◆ TASK STATEMENT
Repeat the data exactly. Pictures stay out.
[[ DATA SHOWN open ]]
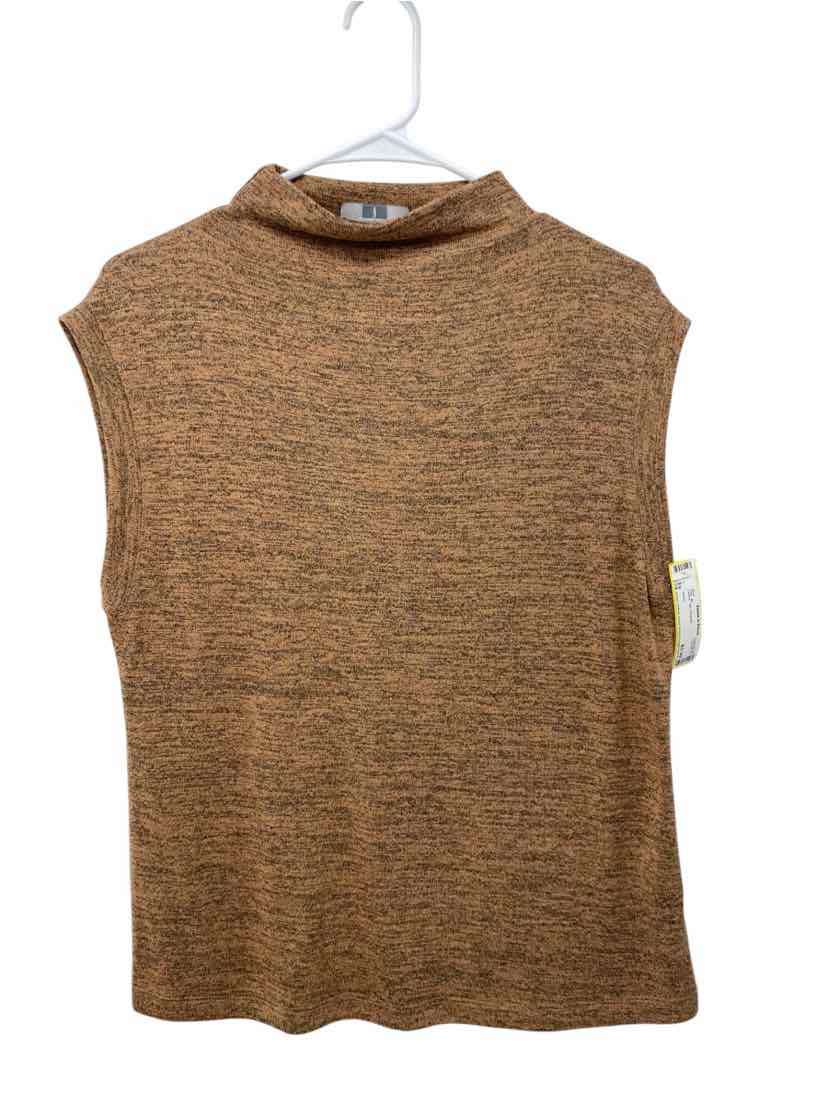 Tahari Ladies Size M Shirt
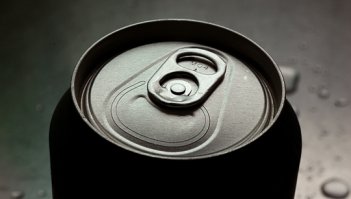 Интеллигентное безумие или странная мода петербургских улиц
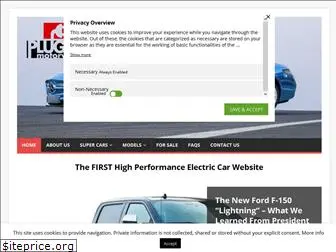 pluginmotorwerks.com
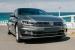 Bara Fata VW Passat B8 3G (2015-2019) R-Line Design Performance AutoTuning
[[ DATA SHOWN closed ]]
◆ RESPONSE TO THIS TASK
 Tahari Ladies Size M Shirt
 Интеллигентное безумие или странная мода петербургских улиц
 pluginmotorwerks.com
 Bara Fata VW Passat B8 3G (2015-2019) R-Line Design Performance AutoTuning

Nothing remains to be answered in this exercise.